With respect to the latter, Pure and Symplectic both note that they can interface to VIVO. Furthermore, Symplectic can provide "VIVO services that cover installation, support, hosting and integration for institutions looking to join the VIVO network". It also provides implementation support for the Profiles Research Networking Software.

As I discuss further below, one interesting question for libraries is the relationship between the RIMs or CRIS and the institutional repository. Extensions have been written for both Dspace and Eprints to provide some RIMs-like support. For example, Dspace-Cris extends the Dspace model to cater for the Cerif entities. This is based on work done for the Scholar's Hub at Hong Kong University.

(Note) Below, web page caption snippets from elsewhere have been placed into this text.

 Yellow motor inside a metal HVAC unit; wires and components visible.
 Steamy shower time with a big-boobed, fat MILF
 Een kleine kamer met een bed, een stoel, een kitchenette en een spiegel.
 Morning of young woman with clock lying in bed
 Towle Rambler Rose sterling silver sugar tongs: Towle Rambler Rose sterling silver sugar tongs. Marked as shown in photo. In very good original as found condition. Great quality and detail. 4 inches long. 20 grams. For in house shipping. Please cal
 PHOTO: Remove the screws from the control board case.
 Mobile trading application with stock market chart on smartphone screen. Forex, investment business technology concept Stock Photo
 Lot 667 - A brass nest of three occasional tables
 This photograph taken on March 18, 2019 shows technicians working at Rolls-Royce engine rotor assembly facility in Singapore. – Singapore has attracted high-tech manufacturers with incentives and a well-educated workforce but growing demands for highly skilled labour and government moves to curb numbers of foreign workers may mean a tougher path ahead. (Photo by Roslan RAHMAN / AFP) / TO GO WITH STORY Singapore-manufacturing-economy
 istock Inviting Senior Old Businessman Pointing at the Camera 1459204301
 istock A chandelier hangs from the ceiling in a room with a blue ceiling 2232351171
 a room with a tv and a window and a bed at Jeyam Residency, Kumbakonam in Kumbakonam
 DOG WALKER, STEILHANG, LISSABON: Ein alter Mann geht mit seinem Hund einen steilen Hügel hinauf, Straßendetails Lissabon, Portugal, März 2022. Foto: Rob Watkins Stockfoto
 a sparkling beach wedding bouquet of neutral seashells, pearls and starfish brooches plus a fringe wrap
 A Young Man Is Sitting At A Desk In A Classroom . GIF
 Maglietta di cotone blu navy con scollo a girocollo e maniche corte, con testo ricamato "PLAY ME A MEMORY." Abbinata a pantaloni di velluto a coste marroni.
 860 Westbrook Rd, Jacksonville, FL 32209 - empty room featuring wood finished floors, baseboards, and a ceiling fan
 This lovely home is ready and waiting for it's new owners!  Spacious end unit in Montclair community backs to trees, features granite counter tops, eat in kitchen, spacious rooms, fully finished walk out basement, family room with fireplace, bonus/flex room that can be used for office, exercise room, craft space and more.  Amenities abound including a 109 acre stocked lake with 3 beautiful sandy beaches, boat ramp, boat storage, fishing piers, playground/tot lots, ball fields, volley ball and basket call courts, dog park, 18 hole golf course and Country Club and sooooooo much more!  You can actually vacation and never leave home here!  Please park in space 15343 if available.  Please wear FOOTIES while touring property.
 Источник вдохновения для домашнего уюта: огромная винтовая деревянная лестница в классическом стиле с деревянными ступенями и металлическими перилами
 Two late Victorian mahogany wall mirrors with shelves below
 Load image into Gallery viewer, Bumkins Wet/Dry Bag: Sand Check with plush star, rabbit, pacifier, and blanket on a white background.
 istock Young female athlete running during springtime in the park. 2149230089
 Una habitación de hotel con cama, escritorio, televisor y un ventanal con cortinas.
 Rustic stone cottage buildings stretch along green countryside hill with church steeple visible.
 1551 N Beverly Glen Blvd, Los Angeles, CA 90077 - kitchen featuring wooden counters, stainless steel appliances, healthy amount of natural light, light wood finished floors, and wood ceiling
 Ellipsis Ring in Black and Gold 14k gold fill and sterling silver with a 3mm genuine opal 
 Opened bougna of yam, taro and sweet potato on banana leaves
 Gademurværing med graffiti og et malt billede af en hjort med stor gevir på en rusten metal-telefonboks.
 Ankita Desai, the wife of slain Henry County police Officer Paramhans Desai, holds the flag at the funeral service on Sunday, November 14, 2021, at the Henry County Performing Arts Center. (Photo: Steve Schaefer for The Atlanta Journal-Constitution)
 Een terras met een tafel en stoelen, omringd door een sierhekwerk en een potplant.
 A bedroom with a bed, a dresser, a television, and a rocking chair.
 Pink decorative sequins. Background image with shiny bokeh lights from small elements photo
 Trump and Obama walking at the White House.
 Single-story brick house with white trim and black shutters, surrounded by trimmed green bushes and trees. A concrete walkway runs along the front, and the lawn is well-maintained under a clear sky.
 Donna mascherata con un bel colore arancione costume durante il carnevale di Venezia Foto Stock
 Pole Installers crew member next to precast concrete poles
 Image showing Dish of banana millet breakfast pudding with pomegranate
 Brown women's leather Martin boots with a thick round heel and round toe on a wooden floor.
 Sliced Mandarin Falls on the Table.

It is also interesting to note that none of the three open source educational community organizations - Kuali, The Duraspace Foundation, or The Apereo Foundation - has a directly comparable offering, although there are some adjacent activities. In particular, Kuali Coeus for Research Administration is "a comprehensive system to manage the complexities of research administration needs from the faculty researcher through grants administration to federal funding agencies", based on work at MIT. Duraspace is now the organizational home for VIVO.

Finally, there are some national approaches to providing RIMs or CRIS functionality, associated with a national view of research outputs. This is the case in South Africa, Norway and The Netherlands, for example.


Another signal that this is an emerging service category is the existence of active standards activities. Two are especially relevant here:CERIF (Common European Research Information Format) from EuroCRIS, which provides a format for exchange of data between RIM systems, and the Casrai dictionary. CASRAI is the Consortia Advancing Standards in Research Administration Information.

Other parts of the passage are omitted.